Jacques Méral, qui habitait le faubourg à quelques pas de ceux qu’il devait assassiner, avait eu souvent déjà maille à partir avec la justice. Il avait été maintes fois condamné pour vol, et ses voisins, pour lesquels il était un objet d’effroi, affirmaient que sa femme, brave et courageuse créature, avait succombé à ses mauvais traitements.

Le fils ne valait pas mieux que le père ; de plus, c’était au physique un véritable monstre.

Bossu à ce point que sa tête disparaissait à peu près entre ses deux épaules, la bouche lippue et les yeux injectés, Pierre Méral était hideux à voir. Avec cela, robuste et foncièrement vicieux ! C’était bien le complice né de son père. Il avait à cette époque dix-huit ans à peine.

Ce n’était pas là, malheureusement, le seul enfant de Méral. Sa femme lui avait encore donné deux filles.

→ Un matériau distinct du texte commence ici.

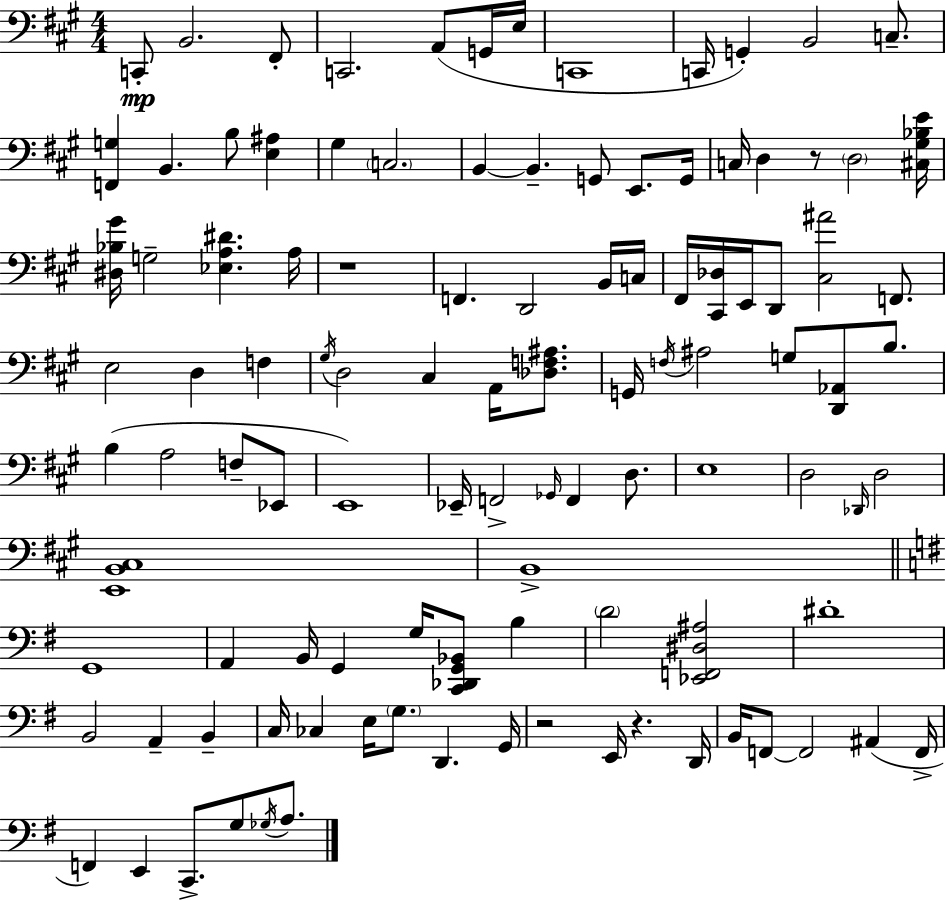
X:1
T:Untitled
M:4/4
L:1/4
K:A
C,,/2 B,,2 ^F,,/2 C,,2 A,,/2 G,,/4 E,/4 C,,4 C,,/4 G,, B,,2 C,/2 [F,,G,] B,, B,/2 [E,^A,] ^G, C,2 B,, B,, G,,/2 E,,/2 G,,/4 C,/4 D, z/2 D,2 [^C,^G,_B,E]/4 [^D,_B,^G]/4 G,2 [_E,A,^D] A,/4 z4 F,, D,,2 B,,/4 C,/4 ^F,,/4 [^C,,_D,]/4 E,,/4 D,,/2 [^C,^A]2 F,,/2 E,2 D, F, ^G,/4 D,2 ^C, A,,/4 [_D,F,^A,]/2 G,,/4 F,/4 ^A,2 G,/2 [D,,_A,,]/2 B,/2 B, A,2 F,/2 _E,,/2 E,,4 _E,,/4 F,,2 _G,,/4 F,, D,/2 E,4 D,2 _D,,/4 D,2 [E,,B,,^C,]4 B,,4 G,,4 A,, B,,/4 G,, G,/4 [C,,_D,,G,,_B,,]/2 B, D2 [_E,,F,,^D,^A,]2 ^D4 B,,2 A,, B,, C,/4 _C, E,/4 G,/2 D,, G,,/4 z2 E,,/4 z D,,/4 B,,/4 F,,/2 F,,2 ^A,, F,,/4 F,, E,, C,,/2 G,/2 _G,/4 A,/2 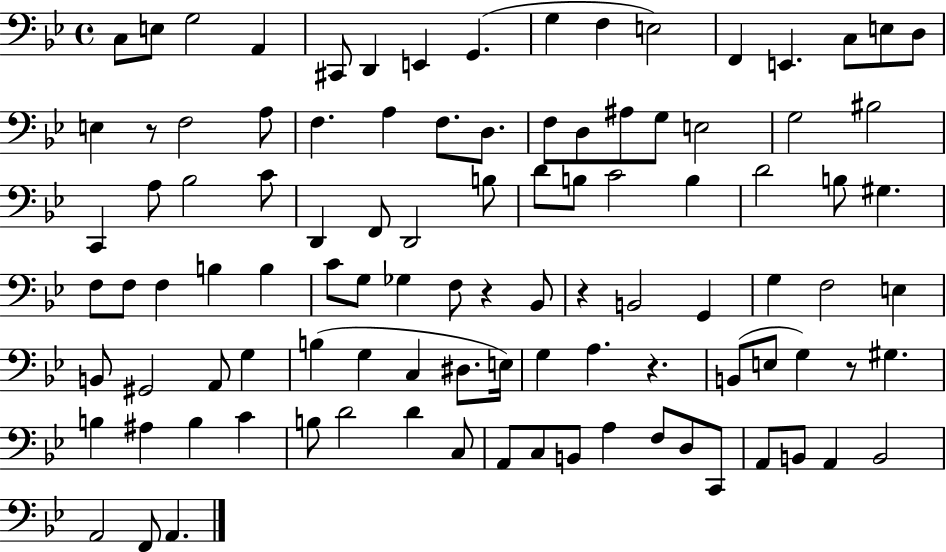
C3/e E3/e G3/h A2/q C#2/e D2/q E2/q G2/q. G3/q F3/q E3/h F2/q E2/q. C3/e E3/e D3/e E3/q R/e F3/h A3/e F3/q. A3/q F3/e. D3/e. F3/e D3/e A#3/e G3/e E3/h G3/h BIS3/h C2/q A3/e Bb3/h C4/e D2/q F2/e D2/h B3/e D4/e B3/e C4/h B3/q D4/h B3/e G#3/q. F3/e F3/e F3/q B3/q B3/q C4/e G3/e Gb3/q F3/e R/q Bb2/e R/q B2/h G2/q G3/q F3/h E3/q B2/e G#2/h A2/e G3/q B3/q G3/q C3/q D#3/e. E3/s G3/q A3/q. R/q. B2/e E3/e G3/q R/e G#3/q. B3/q A#3/q B3/q C4/q B3/e D4/h D4/q C3/e A2/e C3/e B2/e A3/q F3/e D3/e C2/e A2/e B2/e A2/q B2/h A2/h F2/e A2/q. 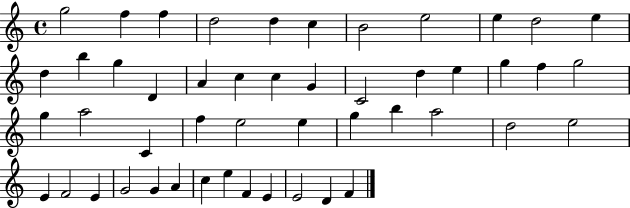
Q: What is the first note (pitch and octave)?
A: G5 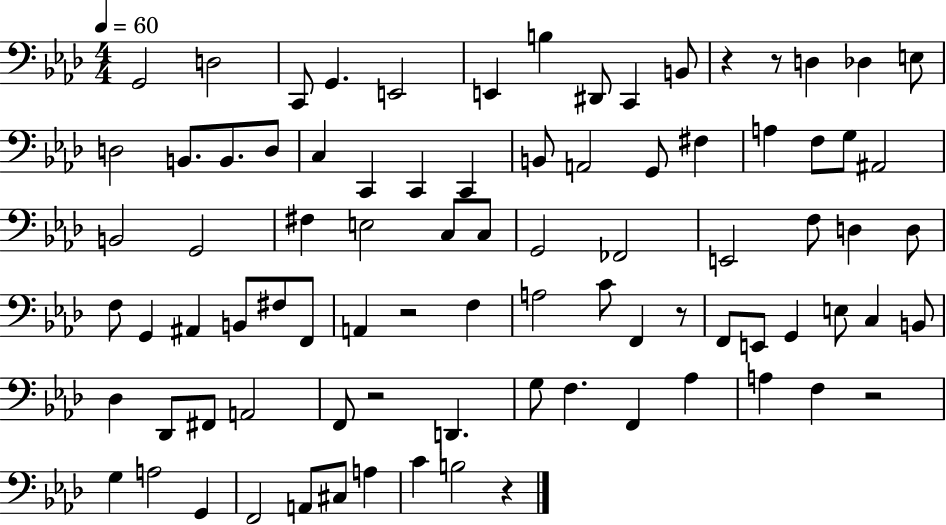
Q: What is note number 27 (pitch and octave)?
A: F3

L’aînée, Françoise, avait moins de dix-sept ans au moment où son père comparaissait avec son fils devant le jury de la Marne, mais elle était déjà perdue.

La plus jeune, Rose, une enfant de huit à neuf ans, était une des plus adorables fillettes qu’il fût possible de voir.

Dans cet épouvantable milieu où elle était née et avait grandi, sa présence était un douloureux contraste, tant elle était jolie, tant sa physionomie était intelligente et douce.